• _Task directions_: Among the records below, find the line that has "1360 N Sandburg Unit 201, Chicago, IL 60610"; from there, give the lines again exactly, and stop after the line that has "Живописная река Лицзян на юго-западе Китая".

START Task inputs

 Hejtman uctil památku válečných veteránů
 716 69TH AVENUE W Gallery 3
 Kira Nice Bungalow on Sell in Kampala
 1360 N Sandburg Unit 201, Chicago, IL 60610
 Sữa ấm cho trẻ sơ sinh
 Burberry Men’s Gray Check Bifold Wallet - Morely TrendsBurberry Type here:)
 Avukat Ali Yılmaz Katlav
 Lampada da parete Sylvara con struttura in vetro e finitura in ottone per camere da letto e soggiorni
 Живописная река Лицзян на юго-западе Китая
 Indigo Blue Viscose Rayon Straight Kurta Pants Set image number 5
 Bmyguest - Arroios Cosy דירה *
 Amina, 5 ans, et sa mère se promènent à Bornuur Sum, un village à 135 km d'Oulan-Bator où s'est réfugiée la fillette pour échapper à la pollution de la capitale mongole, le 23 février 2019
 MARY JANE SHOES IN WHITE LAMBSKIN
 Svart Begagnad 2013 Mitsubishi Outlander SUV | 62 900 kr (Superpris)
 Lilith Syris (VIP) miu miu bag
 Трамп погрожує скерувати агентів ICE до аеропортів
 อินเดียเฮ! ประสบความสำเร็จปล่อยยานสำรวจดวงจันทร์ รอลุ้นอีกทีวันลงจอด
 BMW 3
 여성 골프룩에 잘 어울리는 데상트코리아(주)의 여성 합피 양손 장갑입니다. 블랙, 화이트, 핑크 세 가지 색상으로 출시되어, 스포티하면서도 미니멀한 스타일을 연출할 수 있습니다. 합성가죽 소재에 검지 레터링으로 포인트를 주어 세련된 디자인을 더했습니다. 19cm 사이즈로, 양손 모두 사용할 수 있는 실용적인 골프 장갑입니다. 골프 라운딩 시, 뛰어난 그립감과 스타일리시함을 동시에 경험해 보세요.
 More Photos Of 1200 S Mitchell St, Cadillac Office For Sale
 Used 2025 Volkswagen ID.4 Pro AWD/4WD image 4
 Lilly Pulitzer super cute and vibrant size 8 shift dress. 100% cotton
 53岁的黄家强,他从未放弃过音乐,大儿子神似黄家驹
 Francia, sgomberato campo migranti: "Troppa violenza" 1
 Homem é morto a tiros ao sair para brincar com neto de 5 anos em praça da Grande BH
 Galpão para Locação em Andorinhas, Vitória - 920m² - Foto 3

END Task inputs

• _Result_:
 1360 N Sandburg Unit 201, Chicago, IL 60610
 Sữa ấm cho trẻ sơ sinh
 Burberry Men’s Gray Check Bifold Wallet - Morely TrendsBurberry Type here:)
 Avukat Ali Yılmaz Katlav
 Lampada da parete Sylvara con struttura in vetro e finitura in ottone per camere da letto e soggiorni
 Живописная река Лицзян на юго-западе Китая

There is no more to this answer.